There have been proposed a plurality of single and multiple layer sheet structures for packaging of products requiring significant functional protection from transmission of gaseous materials into or out of the package through the packaging film. For example, various food type products require barriers to transmission of oxygen, moisture, oils and the like. Numerous conventional single and multiple layer structures have been made to serve this end, with a moderate degree of success. Such structures include, for example, saran coated polypropylene, glassine, and the like. It is known to use multiple layer structures into which may be incorporated a separately formed layer of oriented polypropylene or oriented polyester, as well as functional barrier layers.
While such multiple layer films incorporating an oriented layer do provide certain improvements, they require a multiplicity of manufacturing steps which puts them at a competitive cost disadvantage. Advantageously, though, the functional barrier benefits of the multiplicity of layers does provide overall improved barrier functions.
Other desirable attributes of film packages, and particularly those used for packaging snacks, such as potato chips or corn chips, are related to the appearance and feel of the package; which translates into consumer perception of the package at the point of sale. Particularly desirable perceived attributes are gloss and stiffness.
A highly desirable combination of attributes, then includes functional barrier properties to certain gaseous transmission, and perceived properties of gloss and stiffness.

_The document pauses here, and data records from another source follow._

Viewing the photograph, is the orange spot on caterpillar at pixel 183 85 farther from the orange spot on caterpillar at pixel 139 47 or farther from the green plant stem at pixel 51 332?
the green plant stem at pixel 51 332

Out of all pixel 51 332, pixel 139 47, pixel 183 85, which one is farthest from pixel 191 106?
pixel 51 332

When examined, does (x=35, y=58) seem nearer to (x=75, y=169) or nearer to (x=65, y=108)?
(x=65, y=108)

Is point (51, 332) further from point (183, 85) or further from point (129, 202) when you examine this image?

Various attempts have been made to advantageously utilize the benefits of molecular orientation of films to achieve certain of the desirable properties. A serious problem in these developments has been that each different polymer has its unique required set of heating and stretching conditions. Where certain combinations of layer compositions do not have overlapping conditions conductive to molecular orientation of the multiple layer film, additional provisions must be made for effecting the simultaneous orientation of the plurality of layers. There is no known art which makes the necessary provisions. Absent these provisions, in previous attempts to orient multiple layer films, adjacent layers have developed undesirable stresses at layer interfaces, and cohesive stresses within the layers themselves. These stresses too often have manifested themselves in poor or non-existent layer adhesion at the layer interfaces, and in cracking or hole development in one or more of the layers.
Mueller, U.S. Pat. No. 4,188,443 handles this problem in a 5 layer film by selecting the compositions of the second and fourth layers such that they are above their melt temperature during the orientation process (col. 5 line 43). While this mechanism is successful in relieving the interfacial stresses of the orientation process, only 3 of the 5 layers are truly molecularly oriented, and selection of material compositions for layers 2 and 4 may be severely limited by the melting temperature requirements.

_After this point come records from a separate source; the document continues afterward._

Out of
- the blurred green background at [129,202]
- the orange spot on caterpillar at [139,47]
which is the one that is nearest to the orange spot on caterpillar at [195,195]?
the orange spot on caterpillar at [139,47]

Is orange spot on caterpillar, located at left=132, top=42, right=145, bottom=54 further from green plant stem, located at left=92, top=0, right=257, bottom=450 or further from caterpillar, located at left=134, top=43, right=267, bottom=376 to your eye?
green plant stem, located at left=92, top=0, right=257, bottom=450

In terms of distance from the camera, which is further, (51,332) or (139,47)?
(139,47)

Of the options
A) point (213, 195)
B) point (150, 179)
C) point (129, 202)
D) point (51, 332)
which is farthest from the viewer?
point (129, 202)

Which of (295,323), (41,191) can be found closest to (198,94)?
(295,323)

Yamada, U.S. Pat. No. 4,261,473 teaches a balanced 3 layer film, as in his EXAMPLE 10, wherein the outer layers are polyethylene terephthalate and the core layer is EVOH. Sheets of this film are preheated for a lengthy 5 minutes, apparently to reach steady state temperature throughout the film thickness, before the film is stretched by drawing it into a "cup" shaped mold. Indeed, this process is more closely related to conventional thermoforming than to molecular orientation.
Mueller, U.S. Pat. No. 4,194,039 teaches a "balanced" 3-layer film (col. 6 line 23) that is a combination of olefins and olefin blends. The film is made by a plurality of extrusion steps and orientation steps.
Bornstein U.S. Pat. No. 4,064,296 teaches an oriented 3 layer film having EVOH as the core layer. However, in Bornstein's film it is "crucial" (col. 4 line 65) that one of the two outer layers be cross-linked, i.e. by irradation.
It is an object of this invention to provide a multiple layer packaging film material which is economically competitive to make and which has a combination of attributes including, as functional physical properties, high barrier to gaseous transmission through the film, and as perceived properties, high gloss, transparency, and stiffness. Preferrably the films are unbalanced in that conventional heat sealing equipment may be used to apply heat to the more heat stable side of the film, driving the heat through the film without undue distortion of the film to effect heat sealing of the layer on the opposite surface of the film. Such unbalanced films are readily adapted for use in conventional packaging equipment to economically package a variety of products.